# [YOUR ASSIGNMENT]
Please repeat only the lines below starting at the line that holds "I recently purchased" and ending at the line that holds "Welcome. My name", exactly, with both of those lines included and every picture omitted.

*** RECORDS SHOWN ***

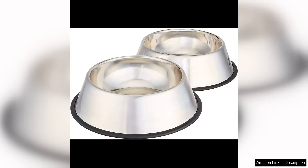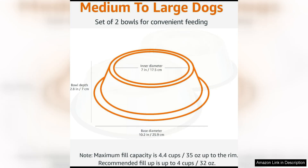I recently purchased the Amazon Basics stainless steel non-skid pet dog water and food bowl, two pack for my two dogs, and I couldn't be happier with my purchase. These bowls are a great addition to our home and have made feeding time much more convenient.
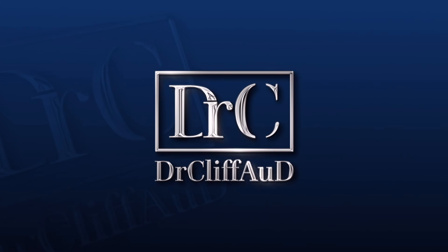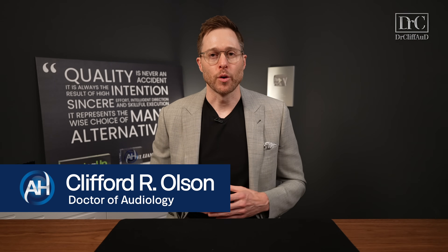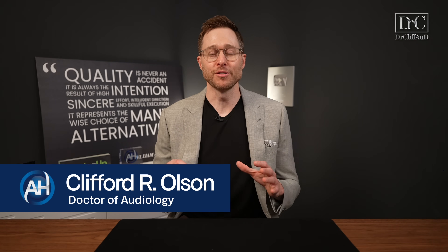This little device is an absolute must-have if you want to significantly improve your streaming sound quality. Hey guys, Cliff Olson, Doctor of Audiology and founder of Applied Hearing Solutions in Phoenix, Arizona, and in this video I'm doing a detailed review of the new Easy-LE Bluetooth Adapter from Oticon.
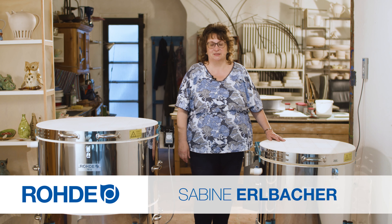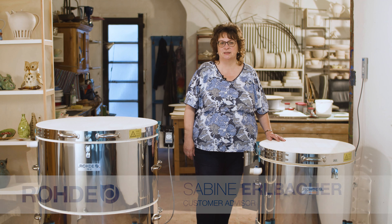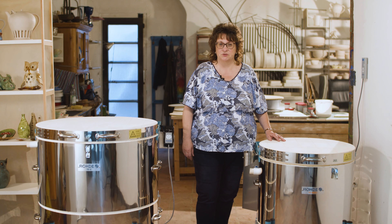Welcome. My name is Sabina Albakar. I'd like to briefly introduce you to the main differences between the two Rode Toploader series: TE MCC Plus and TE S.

*** End of RECORDS SHOWN ***
*** RECORDS SHOWN ***

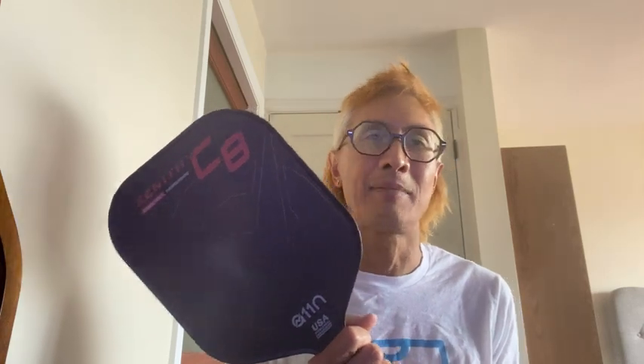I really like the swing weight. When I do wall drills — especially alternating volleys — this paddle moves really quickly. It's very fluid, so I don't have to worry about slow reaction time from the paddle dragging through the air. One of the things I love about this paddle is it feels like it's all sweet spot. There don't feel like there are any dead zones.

*** End of RECORDS SHOWN ***

# [TASK RESULT]
I recently purchased the Amazon Basics stainless steel non-skid pet dog water and food bowl, two pack for my two dogs, and I couldn't be happier with my purchase. These bowls are a great addition to our home and have made feeding time much more convenient.
This little device is an absolute must-have if you want to significantly improve your streaming sound quality. Hey guys, Cliff Olson, Doctor of Audiology and founder of Applied Hearing Solutions in Phoenix, Arizona, and in this video I'm doing a detailed review of the new Easy-LE Bluetooth Adapter from Oticon.
Welcome. My name is Sabina Albakar. I'd like to briefly introduce you to the main differences between the two Rode Toploader series: TE MCC Plus and TE S.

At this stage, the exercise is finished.